I am literally at least 10x when I work from home.
I have ADHD and through years of discipline, cultivating my workspace to suit my needs, and hard work I can be productive most of the day in the zone without (much) sidetracking.
Literally impossible for me to do in the modern software dev sweatshop.
I also make more money, can spend more time with my family because I don’t commute, and plenty of other positives.
I love the work, I enjoy working with my colleagues and I can set my own boundaries by setting office hours and scheduling meetings. There is very rarely anything that derails my day anymore. Everything is much better documented because everything must live in confluence or Jira or it doesn’t exist. The company saves tons of money on real estate.
If you can change your processes and workflow to take advantage of tools that suit remote work, it’s superior in basically every way.
Pry it from my cold dead hands.
It's good to see some serious arguments for WFH.

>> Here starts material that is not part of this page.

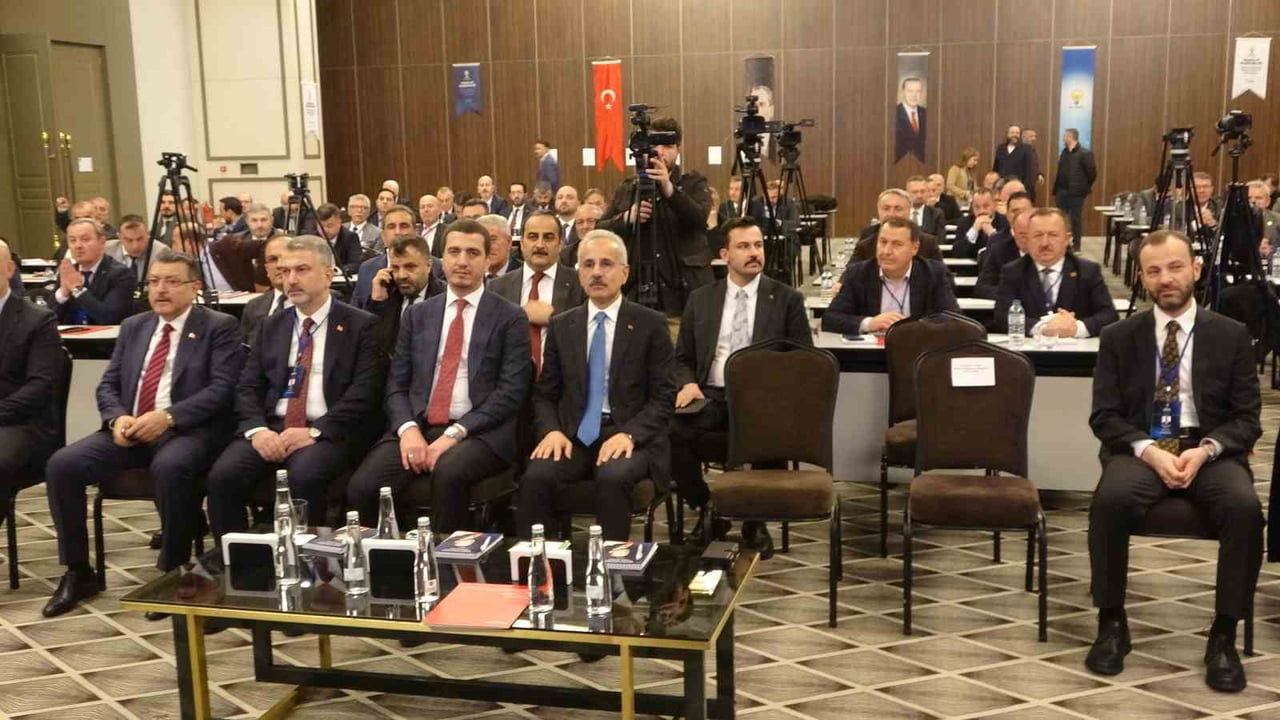 TÜRKİYE CUMHURİYETİ ULAŞTIRMA VE ALTYAPI BAKANI ABDULKADİR URALOĞLU TRABZON'DA AK PARTİ DOĞU...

Globally much of the pro-office camp's public position is driven by personal leanings of CEOs who genuinely seem to have made the decisions without evidence, often it's something they're very grumpy about (hardly the best state of mind for good judgement) and often based on the assumption that company productivity is based on workers doing what they do (usually far from the truth, workers in general don't have anything like the same composition of tasks that CEOs do).

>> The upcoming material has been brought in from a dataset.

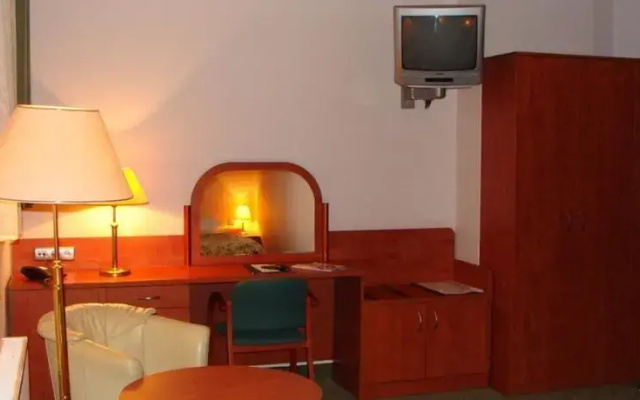 Hotel 2CV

It's unfortunate to that it has divided into camps, as there are bound to be cases/roles/groupings of workers where one approach comes out better and others where it's worse. But very quickly everyone went pretty much for one-size fits all (with a few exceptions).
I despair a little at this. If I can do my job at home, then surely somebody can do it in the global south in tandem with AI for peanuts. Client-facing stuff gets centralised to a smaller team of specialists, and the ship gets much tighter.

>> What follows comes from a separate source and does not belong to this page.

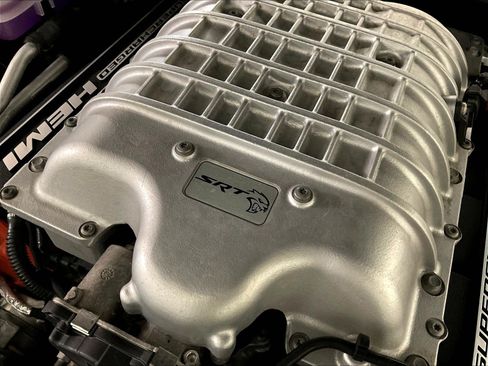 Used 2016 Dodge Challenger SRT Hellcat RWD image 31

How long until megacorps and SMEs actually execute this reality? The management class and their unnecessary underlings like me have only been so resilient because companies are still on the last days of this post-covid efficiency wave, coupled with the buffer of capital from the money that was created in the last few years.
I'm usually not a doomer, but it's hard to see a way around the next downturn not creating irreversible culture change through AI offshoring and mass layoffs.
The title of the article doesn't match the rest. Productivity is getting more from the same inputs, not getting more with more inputs.
First, there is very little data and just a couple conjectures thrown around. There isn't much substantive evidence of what it claims.
Second, even if people aren't commuting, it just assumes people work the same hours, but many people are probably working longer hours so you can't tell the impact on WFH on productivity.
Third, it doesn't look at outputs at all, especially the output of the company. While some (or even all) individuals might produce more, the group as a whole will have less communication and each employee might have less context of what else is going on in the company, so much of their contribution might not align as well with company objectives. Management of all the individuals would be more difficult and the company would be less of a team. This would support the idea that the increased productivity is only available to well managed groups. I think this sounds much more likely.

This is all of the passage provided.